Ramblers defense steps up to challenge in road clash with RedHawks
After riding down Easy Street on cruise control for five straight weeks, the Loyola Academy Ramblers found themselves on a hazardous uphill stretch of road en route to their sixth straight victory Friday night, Sept. 30, on the far South Side.
An indication that this was going to be a difficult struggle came at the outset when the Marist RedHawks halted a 17-play Loyola drive at their 33-yard line and then went down the field in 10 plays to get the first touchdown of the night.
It was the first time this season that the Ramblers had trailed and the first time they had been scored on in the first quarter. In their previous games they’d scored a combined total of 90 unanswered points in the opening 12 minutes.
“Overall, great team win,” was coach John Holecek’s assessment of his team’s hard-earned 28-17 triumph in a clash of 2021 IHSA Class 8A semifinalists. “We knew this was going to be a challenge. Their record (now 3-3) doesn’t show how good they are.

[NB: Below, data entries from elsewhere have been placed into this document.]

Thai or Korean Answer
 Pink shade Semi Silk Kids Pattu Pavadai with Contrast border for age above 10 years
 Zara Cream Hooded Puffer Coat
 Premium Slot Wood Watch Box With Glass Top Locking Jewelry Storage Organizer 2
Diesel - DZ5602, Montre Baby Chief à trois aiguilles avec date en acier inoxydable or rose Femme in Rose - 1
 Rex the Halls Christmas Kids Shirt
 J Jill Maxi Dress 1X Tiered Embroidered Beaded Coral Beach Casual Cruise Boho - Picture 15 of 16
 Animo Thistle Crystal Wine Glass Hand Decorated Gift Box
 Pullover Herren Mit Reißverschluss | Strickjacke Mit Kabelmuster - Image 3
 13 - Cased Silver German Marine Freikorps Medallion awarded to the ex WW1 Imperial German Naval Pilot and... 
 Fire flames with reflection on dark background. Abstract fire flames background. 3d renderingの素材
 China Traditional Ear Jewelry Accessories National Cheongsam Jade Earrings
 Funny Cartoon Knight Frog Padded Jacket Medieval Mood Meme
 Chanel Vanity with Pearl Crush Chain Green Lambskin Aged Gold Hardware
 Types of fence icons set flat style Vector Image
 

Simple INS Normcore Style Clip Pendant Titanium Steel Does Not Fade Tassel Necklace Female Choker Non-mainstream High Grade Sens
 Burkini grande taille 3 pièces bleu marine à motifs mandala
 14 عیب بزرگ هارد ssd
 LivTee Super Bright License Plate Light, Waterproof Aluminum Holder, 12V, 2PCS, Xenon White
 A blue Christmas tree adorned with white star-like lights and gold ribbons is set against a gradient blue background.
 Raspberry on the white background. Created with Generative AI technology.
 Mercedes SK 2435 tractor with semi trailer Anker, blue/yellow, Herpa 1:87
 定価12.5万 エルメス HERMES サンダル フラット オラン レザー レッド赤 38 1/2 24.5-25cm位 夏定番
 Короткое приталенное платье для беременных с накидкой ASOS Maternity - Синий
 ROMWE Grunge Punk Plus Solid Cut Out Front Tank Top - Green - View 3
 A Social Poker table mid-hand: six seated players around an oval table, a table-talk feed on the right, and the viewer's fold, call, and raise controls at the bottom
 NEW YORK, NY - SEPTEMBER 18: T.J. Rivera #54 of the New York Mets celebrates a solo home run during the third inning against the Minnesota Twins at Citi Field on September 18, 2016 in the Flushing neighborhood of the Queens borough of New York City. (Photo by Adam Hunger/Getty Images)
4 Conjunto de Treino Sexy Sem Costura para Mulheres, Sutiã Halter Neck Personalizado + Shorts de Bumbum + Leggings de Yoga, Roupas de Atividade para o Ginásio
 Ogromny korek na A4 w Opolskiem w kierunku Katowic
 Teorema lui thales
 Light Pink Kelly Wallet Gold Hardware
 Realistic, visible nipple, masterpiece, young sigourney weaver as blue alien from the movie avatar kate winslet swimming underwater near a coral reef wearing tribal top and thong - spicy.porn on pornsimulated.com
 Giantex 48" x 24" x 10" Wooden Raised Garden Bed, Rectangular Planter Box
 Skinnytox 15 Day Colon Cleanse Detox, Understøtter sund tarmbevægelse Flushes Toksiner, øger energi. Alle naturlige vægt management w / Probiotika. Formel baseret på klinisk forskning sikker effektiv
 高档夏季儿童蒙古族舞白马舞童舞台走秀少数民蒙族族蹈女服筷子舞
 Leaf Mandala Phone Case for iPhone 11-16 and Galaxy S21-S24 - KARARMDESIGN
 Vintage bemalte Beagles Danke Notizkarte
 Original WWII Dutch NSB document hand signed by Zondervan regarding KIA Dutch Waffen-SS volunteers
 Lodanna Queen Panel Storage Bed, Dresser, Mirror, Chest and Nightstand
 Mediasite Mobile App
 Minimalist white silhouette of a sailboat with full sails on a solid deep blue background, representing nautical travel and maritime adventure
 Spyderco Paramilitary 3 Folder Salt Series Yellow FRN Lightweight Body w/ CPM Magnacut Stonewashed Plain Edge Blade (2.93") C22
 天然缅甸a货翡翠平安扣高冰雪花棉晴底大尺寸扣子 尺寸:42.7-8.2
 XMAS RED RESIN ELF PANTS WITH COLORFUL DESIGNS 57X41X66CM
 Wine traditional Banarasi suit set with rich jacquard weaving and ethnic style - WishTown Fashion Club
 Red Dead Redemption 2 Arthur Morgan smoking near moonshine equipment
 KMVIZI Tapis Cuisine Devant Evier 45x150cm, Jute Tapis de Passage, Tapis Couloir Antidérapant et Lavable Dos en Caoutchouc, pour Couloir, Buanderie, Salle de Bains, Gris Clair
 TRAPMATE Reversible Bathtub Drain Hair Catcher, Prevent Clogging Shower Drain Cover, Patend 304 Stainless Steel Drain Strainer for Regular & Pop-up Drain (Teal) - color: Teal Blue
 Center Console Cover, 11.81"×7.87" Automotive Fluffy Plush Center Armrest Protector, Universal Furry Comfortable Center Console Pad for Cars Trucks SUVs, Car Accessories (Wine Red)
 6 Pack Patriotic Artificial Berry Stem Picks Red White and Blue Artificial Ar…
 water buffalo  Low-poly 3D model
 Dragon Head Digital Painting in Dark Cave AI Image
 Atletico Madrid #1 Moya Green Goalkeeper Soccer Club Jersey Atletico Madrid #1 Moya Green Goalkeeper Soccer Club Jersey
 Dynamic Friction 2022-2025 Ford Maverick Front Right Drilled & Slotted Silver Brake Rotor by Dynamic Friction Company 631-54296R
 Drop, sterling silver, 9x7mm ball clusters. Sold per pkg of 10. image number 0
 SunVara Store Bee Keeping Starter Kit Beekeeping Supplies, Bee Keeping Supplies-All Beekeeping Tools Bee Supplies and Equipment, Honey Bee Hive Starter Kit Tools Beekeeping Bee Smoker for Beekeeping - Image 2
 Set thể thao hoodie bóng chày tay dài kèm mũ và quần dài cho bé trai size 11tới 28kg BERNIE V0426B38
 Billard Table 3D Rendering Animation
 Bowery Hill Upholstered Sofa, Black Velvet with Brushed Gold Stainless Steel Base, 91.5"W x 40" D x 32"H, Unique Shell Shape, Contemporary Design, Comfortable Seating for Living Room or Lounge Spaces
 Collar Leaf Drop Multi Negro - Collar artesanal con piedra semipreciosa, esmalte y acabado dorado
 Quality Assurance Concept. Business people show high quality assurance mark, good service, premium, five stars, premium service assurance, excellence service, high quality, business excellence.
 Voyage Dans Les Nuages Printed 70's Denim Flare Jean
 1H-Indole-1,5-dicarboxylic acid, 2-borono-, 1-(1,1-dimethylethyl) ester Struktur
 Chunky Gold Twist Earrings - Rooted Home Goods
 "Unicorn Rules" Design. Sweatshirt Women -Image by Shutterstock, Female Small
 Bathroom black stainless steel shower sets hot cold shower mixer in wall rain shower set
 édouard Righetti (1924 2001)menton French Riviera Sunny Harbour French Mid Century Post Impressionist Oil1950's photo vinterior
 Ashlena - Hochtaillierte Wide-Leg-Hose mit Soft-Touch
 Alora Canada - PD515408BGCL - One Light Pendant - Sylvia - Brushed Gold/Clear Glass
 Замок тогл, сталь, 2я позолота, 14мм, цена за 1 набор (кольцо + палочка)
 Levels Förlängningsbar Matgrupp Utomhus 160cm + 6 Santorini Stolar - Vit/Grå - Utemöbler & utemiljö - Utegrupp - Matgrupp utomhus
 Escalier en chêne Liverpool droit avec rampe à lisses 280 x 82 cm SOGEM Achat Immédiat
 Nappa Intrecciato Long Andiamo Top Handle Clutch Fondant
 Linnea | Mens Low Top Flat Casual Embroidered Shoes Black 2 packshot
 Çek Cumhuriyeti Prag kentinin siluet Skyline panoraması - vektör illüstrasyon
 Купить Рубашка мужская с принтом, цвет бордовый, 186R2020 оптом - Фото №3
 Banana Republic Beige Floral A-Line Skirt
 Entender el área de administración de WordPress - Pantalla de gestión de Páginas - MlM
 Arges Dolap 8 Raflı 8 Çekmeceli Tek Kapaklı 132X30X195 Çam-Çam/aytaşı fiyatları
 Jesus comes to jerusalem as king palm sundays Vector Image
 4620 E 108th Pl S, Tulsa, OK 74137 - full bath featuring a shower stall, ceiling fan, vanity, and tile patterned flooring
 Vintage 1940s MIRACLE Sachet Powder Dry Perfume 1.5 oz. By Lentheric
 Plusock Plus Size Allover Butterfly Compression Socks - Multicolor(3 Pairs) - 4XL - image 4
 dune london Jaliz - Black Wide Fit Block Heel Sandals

“I love that we fought back after facing a seven-point deficit for the first time. Then, our defense was able to make the plays we needed to put this team away.”
Senior quarterback Ryan Sims (20 completions in in 33 attempts for 268 yards) and senior wide receiver Dermot Smyth (9 catches for 92 yards) were constant threats for Marist.
They collaborated on a 10-yard play for the first TD with 3:27 elapsed and Smyth’s 38-yard pass to senior wide receiver Nolan Baudo prefaced the 1-yard run by junior Marc Coy and extra point kick by junior Kamil Kokot that enabled the RedHawks to tie the score at 14 with 2 1/2 minutes elapsed in the second half.
Smyth also was Marist’s only productive runner, netting 54 of his team’s 57 yards in 10 carries.
Although the Ramblers relied on senior Jake Stearney’s passing (16 completions in 22 throws for 183 yards and all 4 touchdowns), junior Will Nimesheim (23 carries for 130 yards) gave them the added dimension of a ground game.
Loyola got on the scoreboard approaching the midway point in the second quarter on Stearney’s 2-yard pass to senior tight end Jack Fitzgerald in the end zone, climaxing a 73-yard drive.
With 37 seconds to play in the half, the Ramblers took the lead on a 6-yard pass to senior wide receiver Spencer Leadbetter, ending a 70-yard drive that began when they held counterattacking Marist on downs.
The RedHawks started the second half by driving 80 yards for the game-tying TD but the Ramblers immediately retaliated with an 80-yard drive of their own that ended with Nimesheim making a tough catch of a 23-yard pass from Stearney in the left corner of the end zone.
Seemingly undaunted Marist advanced to the Loyola 16-yard line where on fourth down coach Ron Dawczak called on Kokot to kick a 33-yard field goal that shaved Loyola’s lead to 21-17
Going into the fourth quarter, the outcome seemed uncertain and the RedHawks looked like they were in a position to reclaim the lead when they drove to the Loyola 26.
In a fourth-and-9 situation, Smyth faded to pass but he was thrown for a 6-yard loss by senior defensive end Brooks Bahr and junior linebacker Ethan Hogg.
“We have a lot of chemistry off the field and it translates on the field,” Bahr said of Hogg. “We knew we had to make a big play. Ethan got in there first and I got in after him. It was a game-changer. We got the offense back on the field.”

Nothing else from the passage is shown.